By Jeffrey H. Brochin, J.D.
A Maryland statute intended to prohibit price gouging by pharmaceutical companies violated the dormant commerce clause of the U.S. Constitution because it directly regulated the price of transactions that occurred outside of Maryland. States are constrained from enacting legislation that interferes with or burdens interstate commerce, and the principle against extraterritoriality—as it relates to the dormant commerce clause—prohibits a state from regulating commerce occurring wholly outside of its borders (Association for Accessible Medicines v. Frosh, April 13, 2018, Thacker, S).
Background. In response to reports of price gouging by pharmaceutical manufacturers in the sale of certain prescription medications, Maryland’s legislature passed HB 631, "An Act concerning Public Health – Essential Off-Patent or Generic Drugs – Price Gouging – Prohibition," which went into effect October 1, 2017. The Act prohibited a manufacturer or wholesale distributor from engaging in price gouging in the sale of essential off-patent or generic drugs. The essential medications subject to the law are those made available for sale in Maryland that either appear on the Model List of Essential Medicines most recently adopted by the World Health Organization or those designated as an essential medicine due to their efficacy in treating a life-threatening health condition or a chronic health condition.

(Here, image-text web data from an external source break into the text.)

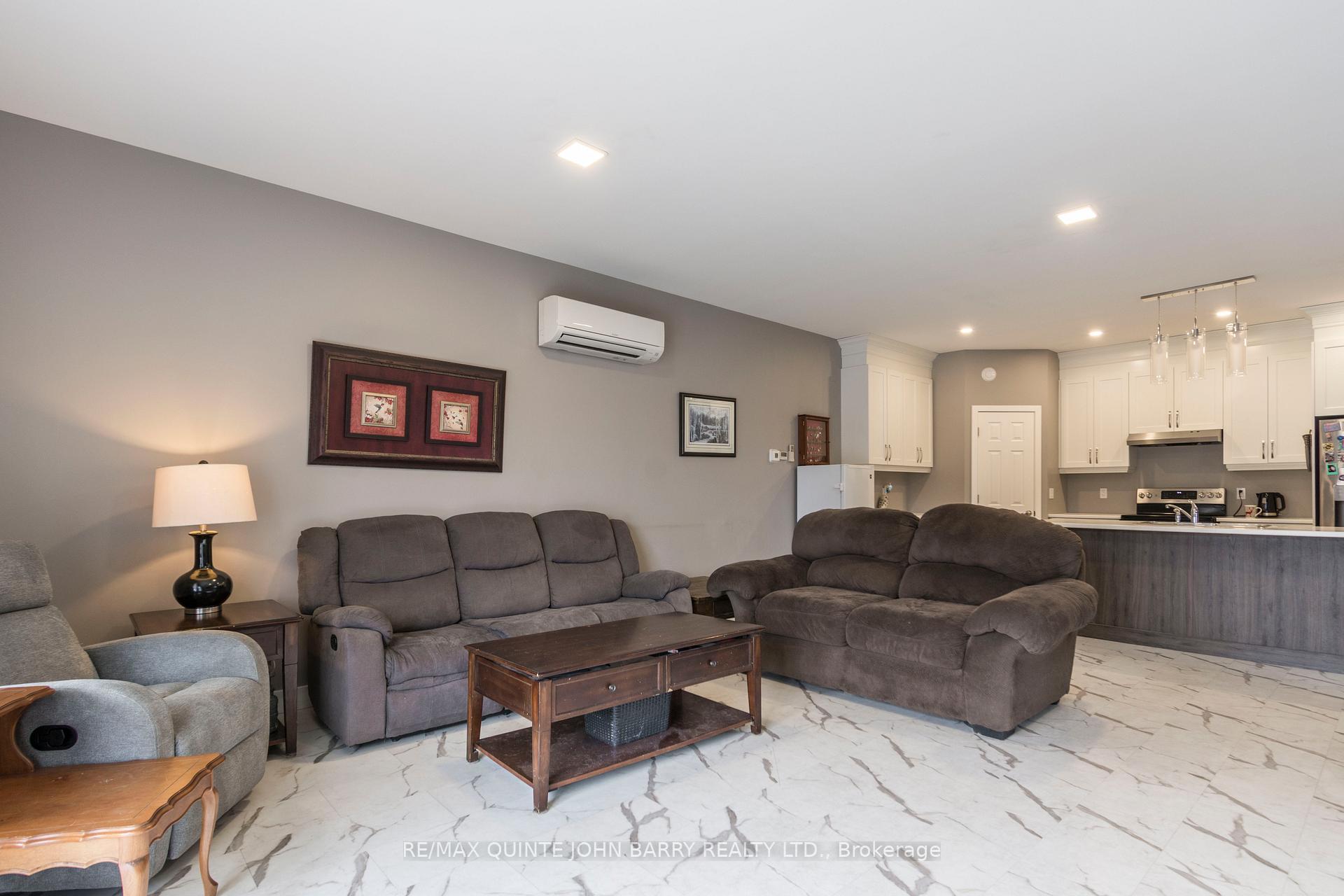 Photo 31 of 103 Dewal Place, Belleville, Belleville Ward — HOMEH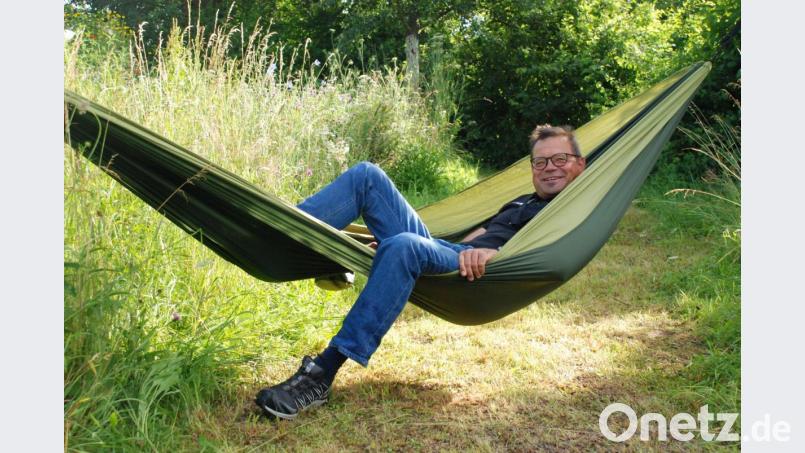 Harald Schlöger lädt in den nächsten Wochen Gäste dazu ein, in der Hängematte Platz zu nehmen und Auskunft über ihren Garten zu geben. Bild: Vogl, Christa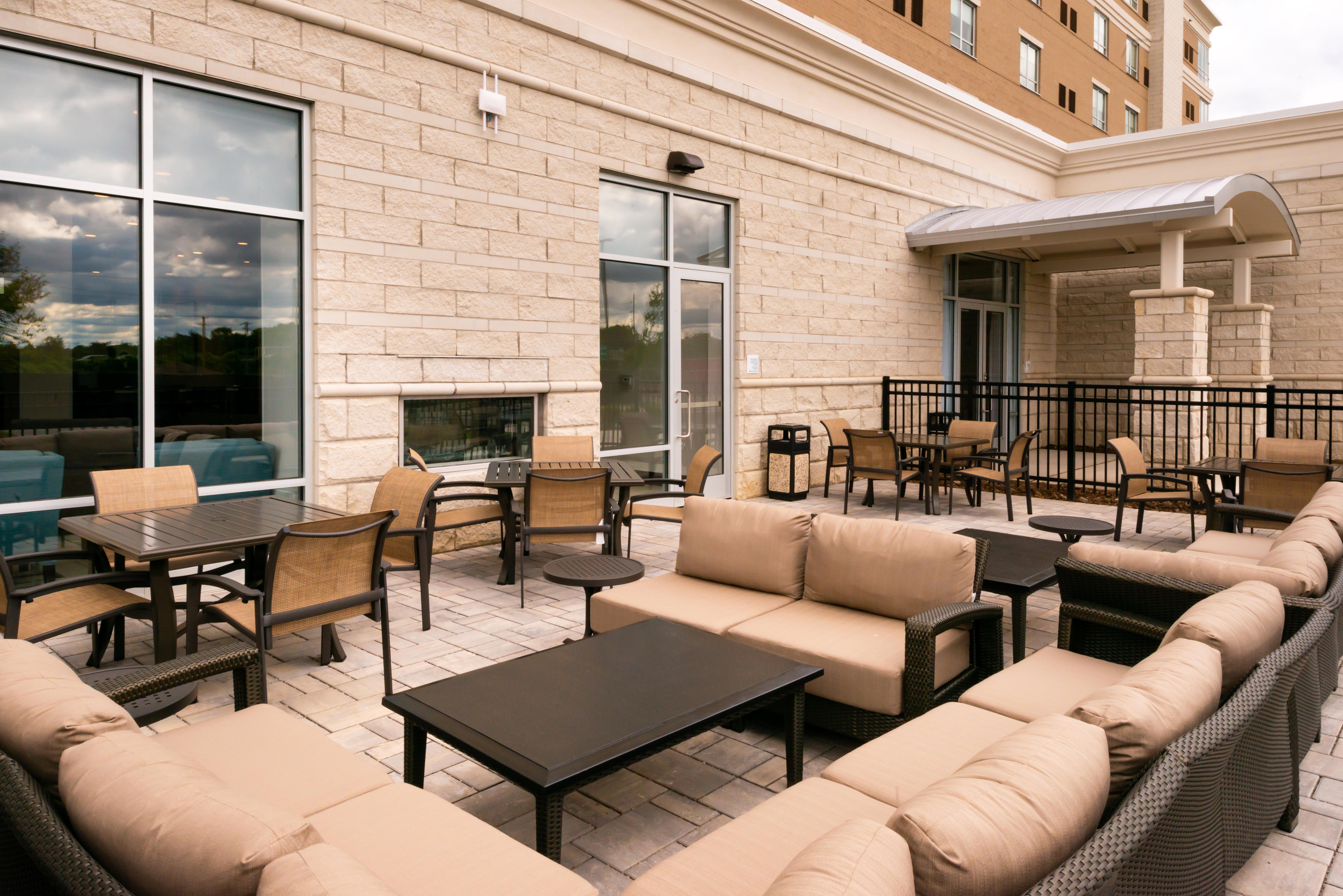 Holiday Inn & Suites - Farmington Hills - Detroit Nw By Ihg Bagian luar foto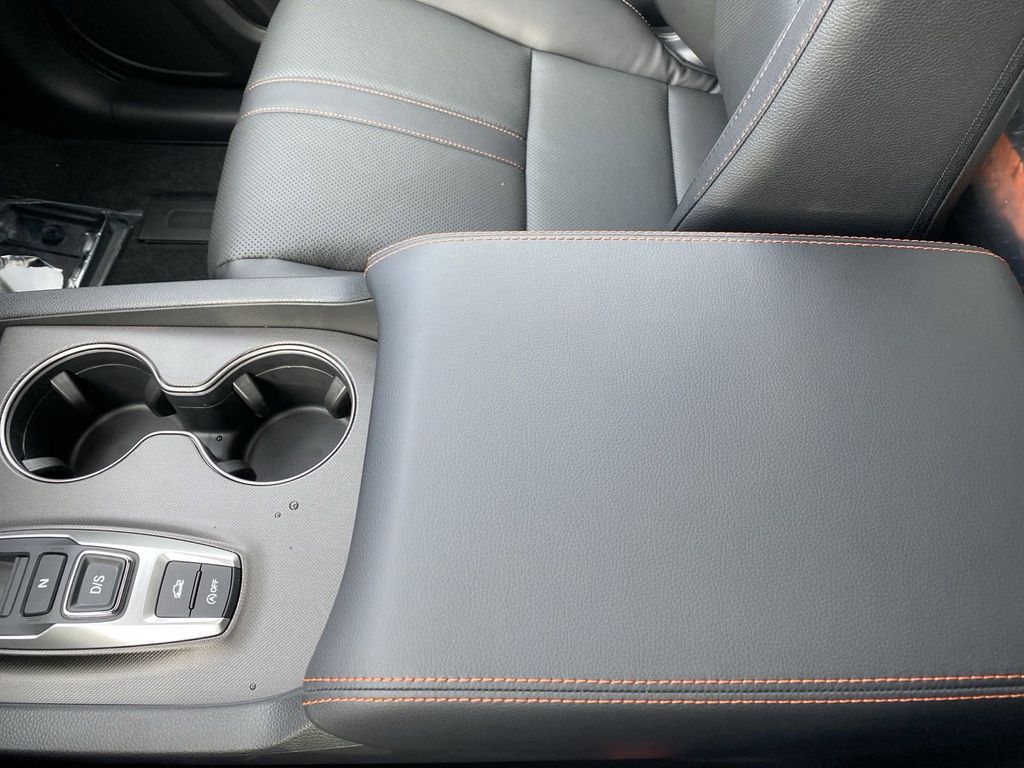 Vehicle image 23 of 43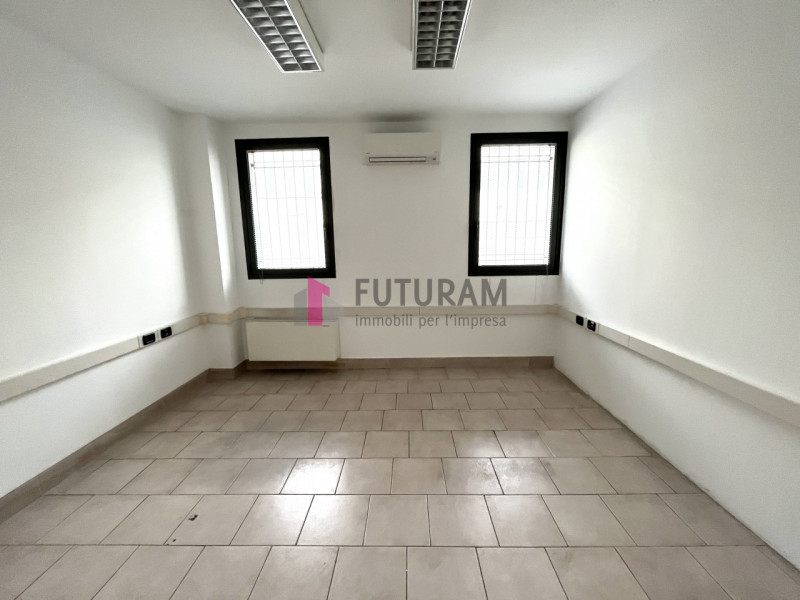 PIAZZOLA SUL BRENTA (PD) - rif. 634TMIC - Per info 3473209826 - In zona industriale sarà a breve ...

A manufacturer or wholesale distributor that is found to be in violation of the Act may face a number of legal consequences, including a civil penalty of $10,000 per violation or an action to enjoin the sale of the medication at the increased price. The Association for Accessible Medicines (AAM) is a voluntary organization of prescription drug manufacturers and wholesale distributors and other entities in the pharmaceutical industry. AAM’s member-manufacturers, only one of which is based in Maryland, typically sell their products to wholesale pharmaceutical distributors, none of which are based in Maryland. The vast majority of these sales occur outside Maryland’s borders.
AAM filed an action against Maryland’s Attorney General, and the Secretary of the Maryland Department of Health (collectively, "Maryland"), alleging, among other claims, that the Act violates the dormant commerce clause and is unconstitutionally vague. Maryland filed a motion to dismiss AAM’s suit, which the district court granted as to the dormant commerce clause claim but denied as to the vagueness claim, and AAM filed the instant appeal.
Principle against extraterritoriality. Implicit in the constitutional allocation to the federal government of the power to regulate commerce among the states, is a corollary constraint on the power of the states to enact legislation that interferes with or burdens interstate commerce. This doctrine, known as the "dormant" commerce clause, is based on a concern regarding economic protectionism and it seeks to prevent state regulatory measures designed to benefit in-state economic interests by burdening out-of-state competitors.
The principle against extraterritoriality as it relates to the dormant commerce clause is derived from the notion that a state may not regulate commerce occurring wholly outside of its borders. A state law violates the extraterritoriality principle if it either expressly applies to out-of-state commerce or has that practical effect, regardless of the legislature’s intent.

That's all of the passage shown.